Cycle 2: Questionnaire-supported methodology development: Based on the cycle 1 consensus, the researchers created a questionnaire designed to formally collect council members' views regarding: (i) the most significant information needs related to Aboriginal e-health; (ii) key stakeholder groups to be consulted; (iii) existing resource materials; and (iv) models for ethical Aboriginal research. Consistent with the Delphi process, council members then completed a self-administered, electronically distributed questionnaire. Based on the results, an interim report was produced including a research plan with research tools and a list of key informants with strategic geographic, cultural and sector representation.
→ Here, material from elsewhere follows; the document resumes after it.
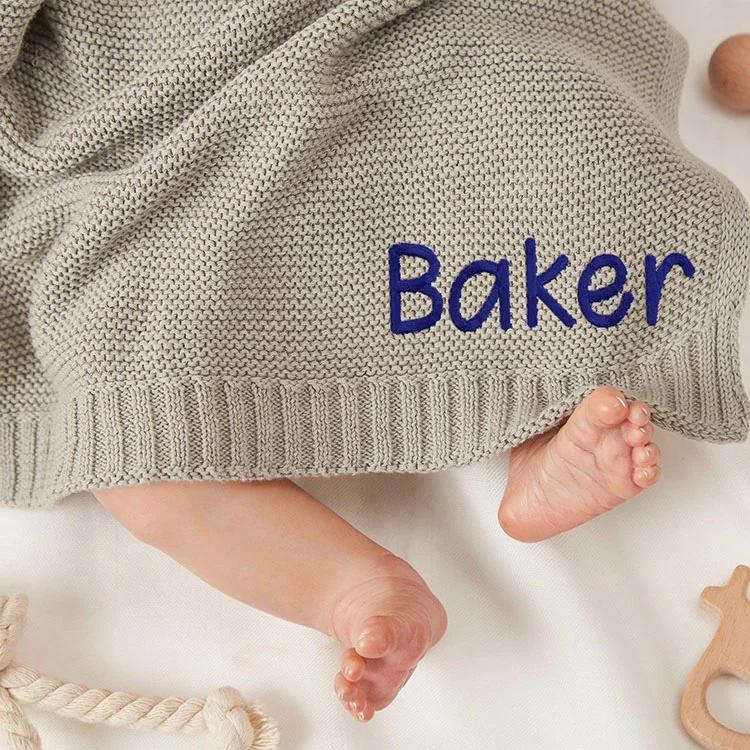 knitted baby swaddle wrap blanket lifestyle or baby wearing photo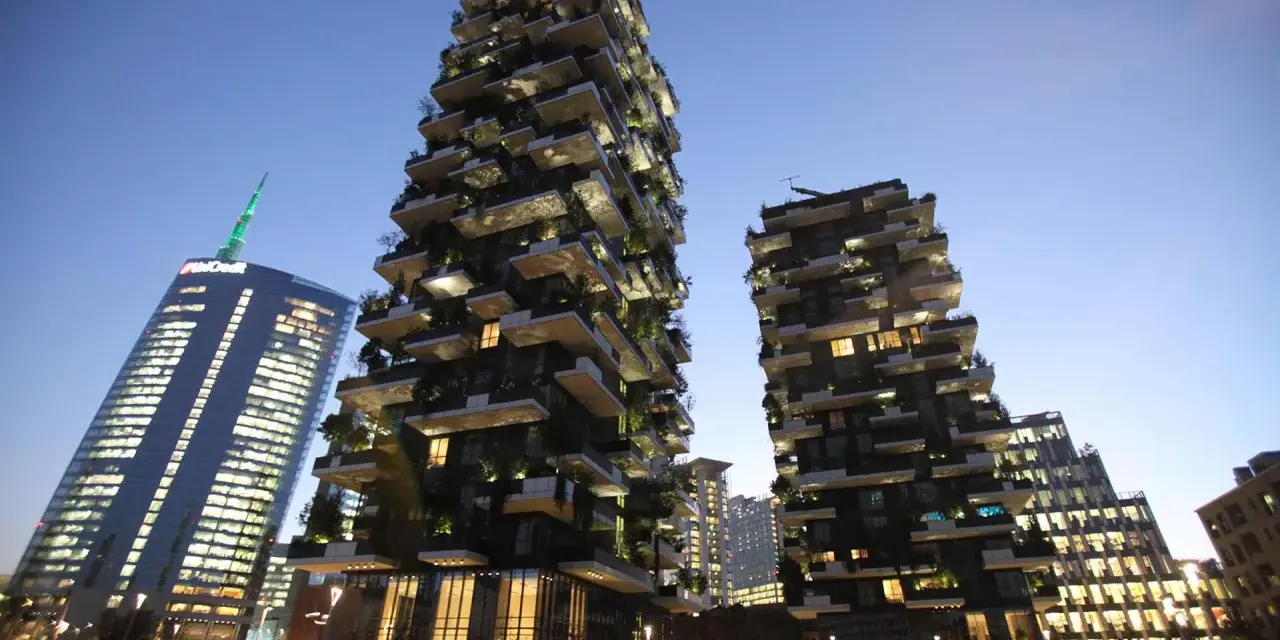 Il Bosco Verticale di Milano, con i suoi grattacieli ricoperti di alberi e piante, si staglia contro il cielo serale.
Cycle 3: Methodology consensus meeting: Council members provided feedback and reached consensus on the research plan during a telephone discussion. The discussion included a research ethics review followed by feedback on the practical aspects of the project such as completeness of key informant list and resource materials and refinement of the key stakeholder interview tools.
Cycle 4: National Key Stakeholder consultations: All interviews were conducted by one Aboriginal researcher (AS). Of the 25 identified key informants, a total of 15 people (60%) agreed to participate in semi-structured telephone interviews. Those who declined participation cited lack of time. Participants had considerable expertise in the area of Aboriginal e-health as leaders of Aboriginal organizations and communities, communities of practice, health policy-makers and/or as academics. The researcher took detailed notes and read back longer answers for verification. Furthermore, a survey was distributed to participants at an ATKC sponsored workshop and 11 out of 15 surveys (73%) were returned. Interview and survey questions were designed to identify information and research needs of diverse stakeholders. A thematic analysis of the interviews and surveys was then conducted. Responses were grouped into categories and summarized.
Cycle 5: Validation of findings in context of current literature: A draft report was completed based on the interview data, questionnaires and literature review. The ATKC council reviewed the report and prioritized the research agenda based on the stakeholder consultation in context of the literature review during a 'round robin' teleconference. Consensus was reached and incorporated into a second draft.
Cycle 6: Validation with community of practice: Next, as an additional level of verification the second draft report was reviewed by the ATKC members at large during a face-to-face meeting of 14 members of the community of practice. One of the researchers (MM) presented each research agenda domain for discussion, modification and finalization until consensus was reached.
Cycle 7: Dissemination and knowledge translation: The report was then adjusted based on the feedback of round 6, and the current paper was drafted and reviewed by the ATKC council.
A total of 40 participants contributed to the research agenda, as part of the survey and interview process and the ATKC review and consensus process. Our analysis revealed that e-health research priorities fall into 6 distinct topical areas. These included: (i) ethical principles for Aboriginal e-health research; (ii) internet-based national information for Aboriginal e-health initiatives; (iii) research related to e-health education and professional development; (iv) sustainability; (v) best practices; and (vi) broader applications and impact of e-health on Aboriginal culture and communities.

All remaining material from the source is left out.